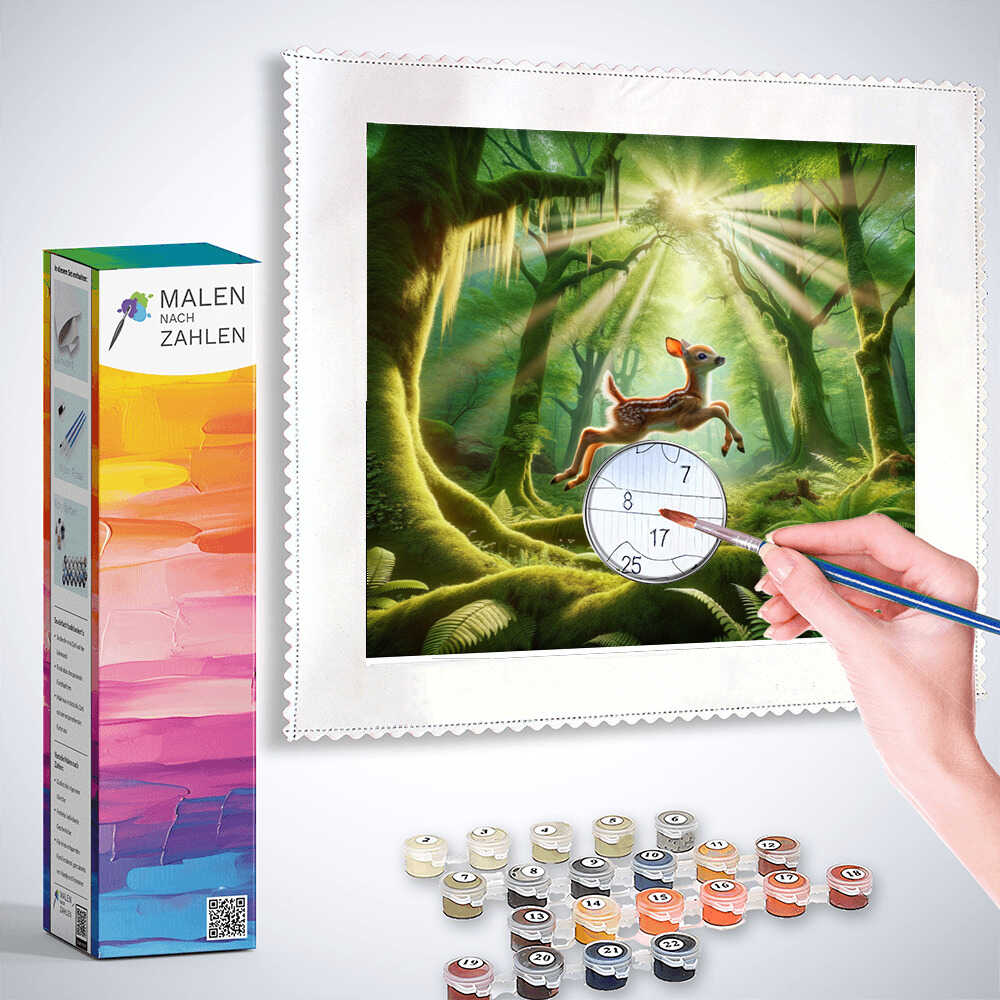 Painting by numbers kit "Waldeserwachen" with a forest scene and a deer, showing paint pots and a hand using a brush to fill in numbers.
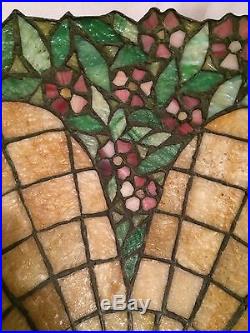 Handel arts crafts mission leaded slag glass antique Bradley hubbard era lamp nr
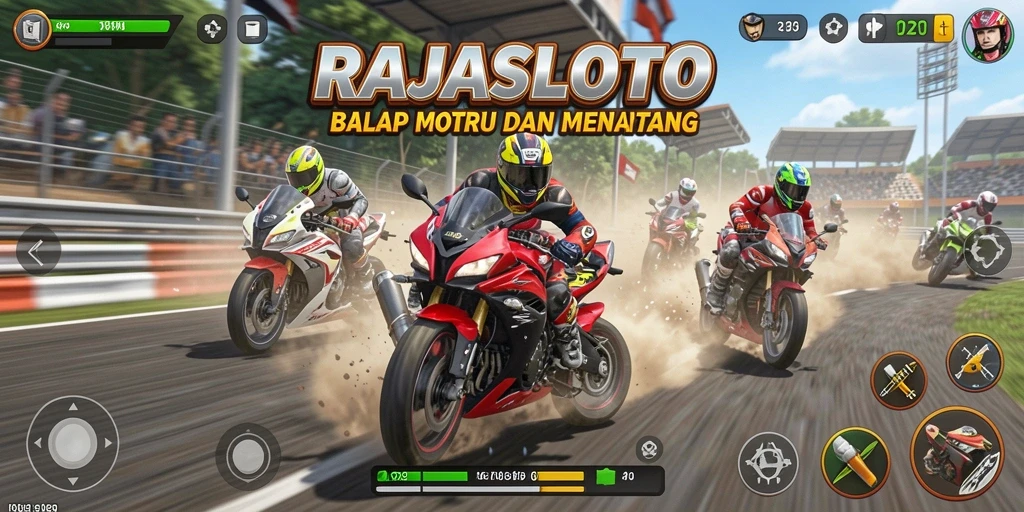 Tampilan gameplay balapan motor yang seru dan mendebarkan di RAJASLOTO.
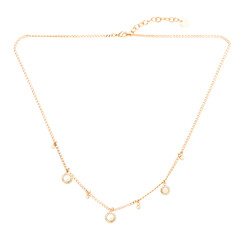 golden necklace on a white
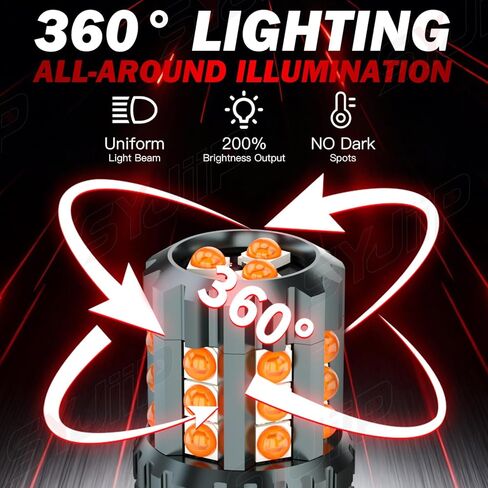 مصابيح إشارة الانعطاف الأمامية 3157 LED متوافقة مع Toyota Sienna 2001 2002 2003 2004 2005 2006 2007 2008 2009 2010 2011 2012 2013 2014، سطوع 300% 3000K أصفر كهرماني، التوصيل والتشغيل، حزمة من 2 in Kuwait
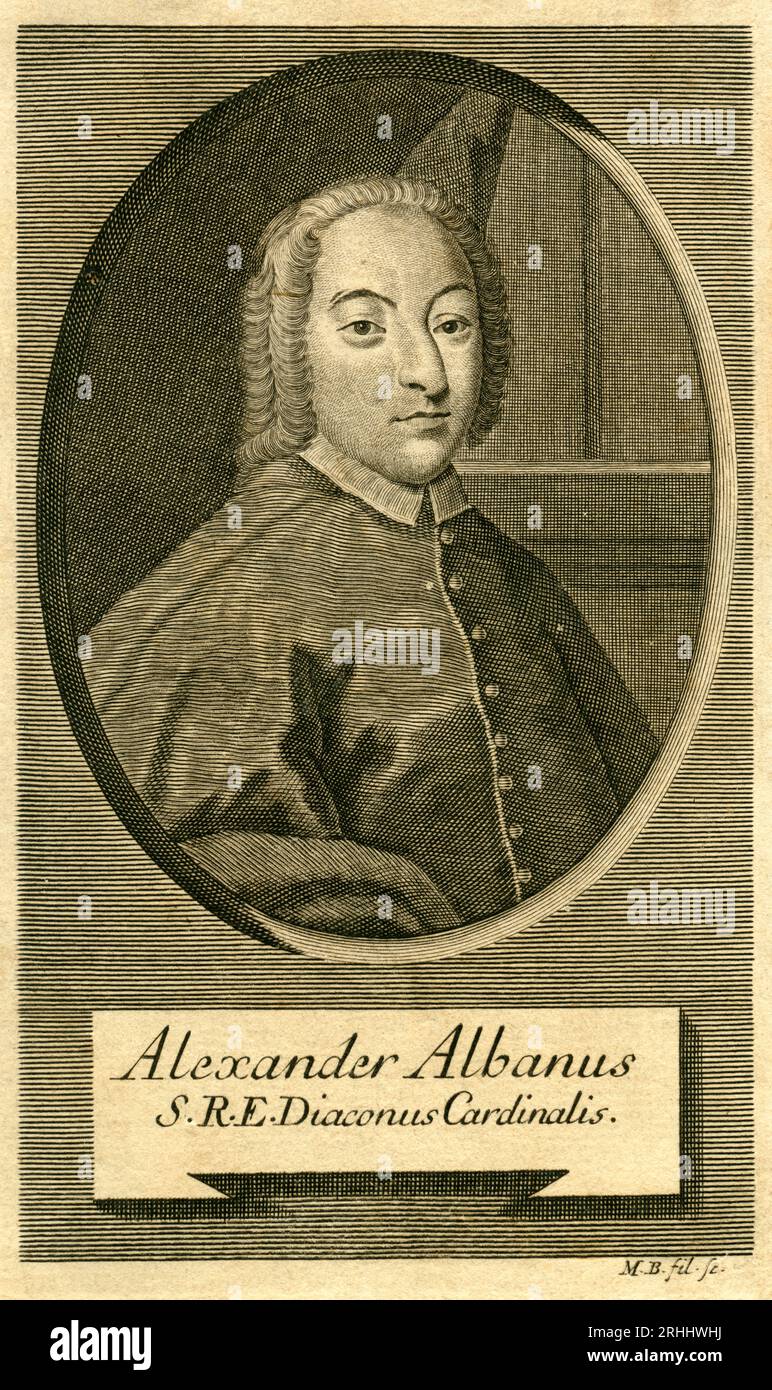 Europa, Italien, Rom, Kardinal Alessandro Albani ( Alexander Albanus ) , Kupferstich um 1750 ? / Europa, Italien, Roma, Cardinale Alessandro Albani ( Alessandro Albanus ), incisione su copperplate, intorno al 1750 . Foto Stock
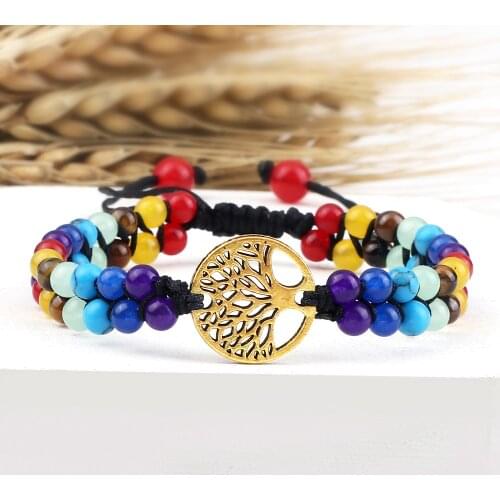 7 Chakra Healing Beaded Bracelet & Bangle Tree of Life Charm OM Reiki Balance Natural Stone Handmade Jewelry Yoga Wrap Bracelets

────

Would it be possible to give the material above again exactly, with the pictures left out?

> [EXERCISE ANSWER]
 Painting by numbers kit "Waldeserwachen" with a forest scene and a deer, showing paint pots and a hand using a brush to fill in numbers.
 Handel arts crafts mission leaded slag glass antique Bradley hubbard era lamp nr
 Tampilan gameplay balapan motor yang seru dan mendebarkan di RAJASLOTO.
 golden necklace on a white
 مصابيح إشارة الانعطاف الأمامية 3157 LED متوافقة مع Toyota Sienna 2001 2002 2003 2004 2005 2006 2007 2008 2009 2010 2011 2012 2013 2014، سطوع 300% 3000K أصفر كهرماني، التوصيل والتشغيل، حزمة من 2 in Kuwait
 Europa, Italien, Rom, Kardinal Alessandro Albani ( Alexander Albanus ) , Kupferstich um 1750 ? / Europa, Italien, Roma, Cardinale Alessandro Albani ( Alessandro Albanus ), incisione su copperplate, intorno al 1750 . Foto Stock
 7 Chakra Healing Beaded Bracelet & Bangle Tree of Life Charm OM Reiki Balance Natural Stone Handmade Jewelry Yoga Wrap Bracelets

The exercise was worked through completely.